¡QUÉ TORNADIZOS SOMOS LOS HUMANOS!

Ya conoceis, los que seguís mis escritos, que no le pongo barreras ni al campo ni al viento. Por razones que en su día manifesté, dejé de criar cerdos Celtas y las fincas por donde ellos corrían, quedaron sin un cometido aparente. Al cabo de poco tiempo se me acercó  una pareja joven y me preguntaron si les permitía colocar una colmenas donde antes tenía los cerdos. Me faltó tiempo para decirles que sí. Que dispusieran de las fincas para lo que fuera menester. Encima, si era para cultivar miel, les dije que yo pondría las hojuelas debajo. Dicho y hecho. Sin que yo pusiera condición alguna, me ofrecieron un kilogramo de miel por cada colmena que colocaran en mis terrenos. Tampoco tuve voluntad para oponerme a tan dulce oferta. Precisamente yo soy un enamorado de lo que producen las abejas. Todo venía rodado. Me había venido Dios a ver. Trajeron cerca de un centenar de colmenas y a mí me dan cada año casi un centenar de botes de la más dulce miel que han disfrutado los siglos. Bastante vale la miel de la Alcarria, donde fijé mi residencia recién casado, comparada con la que producen mis abejas de Arduina. Cada mañana me desayuno dulcificando mis alimentos con el rico manjar, producto de mis abejas. Y desde mi mesa les mando las más expresivas gracias por hacerme la vida tan dulce.
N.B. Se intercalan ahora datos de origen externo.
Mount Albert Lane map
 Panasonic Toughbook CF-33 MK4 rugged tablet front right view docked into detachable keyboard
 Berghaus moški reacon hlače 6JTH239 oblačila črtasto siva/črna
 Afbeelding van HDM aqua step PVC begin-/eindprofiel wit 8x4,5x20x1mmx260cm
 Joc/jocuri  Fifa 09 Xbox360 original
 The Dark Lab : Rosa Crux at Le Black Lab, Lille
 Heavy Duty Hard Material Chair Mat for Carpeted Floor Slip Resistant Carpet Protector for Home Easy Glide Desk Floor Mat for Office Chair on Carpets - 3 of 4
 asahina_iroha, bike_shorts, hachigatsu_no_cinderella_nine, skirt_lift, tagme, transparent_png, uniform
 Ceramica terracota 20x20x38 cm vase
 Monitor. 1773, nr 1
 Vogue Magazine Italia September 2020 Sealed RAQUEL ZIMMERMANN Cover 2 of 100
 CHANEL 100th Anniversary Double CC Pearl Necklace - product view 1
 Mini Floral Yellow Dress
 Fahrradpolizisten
Para que mis abejas tengan sitios más cercanos donde libar el néctar de las flores, planté cerca de donde ellas tienen su residencia, un centenar de castaños. Alrededor de los árboles, ha crecido mucho la hierba y los ahoga. Hoy me fui con mi desbrozadora para dejarlos libres de las malas hierbas que no les permiten crecer libremente. Comencé lejos del lugar que ocupan las casitas de mis dulcificadores insectos. Yo no molestaba a nadie, nadie me molestaba a mí. Todo perfecto. Nunca llegué, en mi labor de limpieza, a menos de 60 metros de las colmenas. Eran. más o menos  las 6 de la tarde. De pronto, un picotazo en la cabeza. Inmediatamente otro y seguidamente dos más. Otra me clavó el aguijón en el costado izquierdo. Sin terminar de espantar la que me clavó su aguijón en el costado, ya estaba otra hermana suya clavándomelo en el omóplato del mismo lado. Tiré la desbrozadora por los suelos. De un manotazo mandé la careta protectora lejos de mí. Mis manos parecían aspas de molinos de viento y ni así era capaz de sacarme de encima a los enrabietados bichitos a quienes el dueño de los terrenos no les merecía ninguna consideración. Ellas que, unos momentos antes eran merecedoras de todos mis elogios y agradecimientos, y gozaban de un «status» muy especial en mi consideración, se habían convertido en mis más crueles enemigas de las que renegaba con toda mi alma. Maldije una y mil veces su crueldad para conmigo. En nada tenía en cuenta los momentos felices que me regalaron haciendo mi vida mucho más agradable de lo que lo hubiera sido sin su magnífica y dulce aportación. ¡ Cuán tornadizo es el ser humano! Con qué pocos motivos cambia el rumbo de sus criterios.  Pero así somos. Cuando regresé a casa me tomé un poco de leche endulzada con la miel de mis abejas. Eso sí, con la lección bien prendida: Es de obligado cumplimiento respetar los espacios de los demás, incluso de aquellos cuyo tamaño puede parecer irrelevante.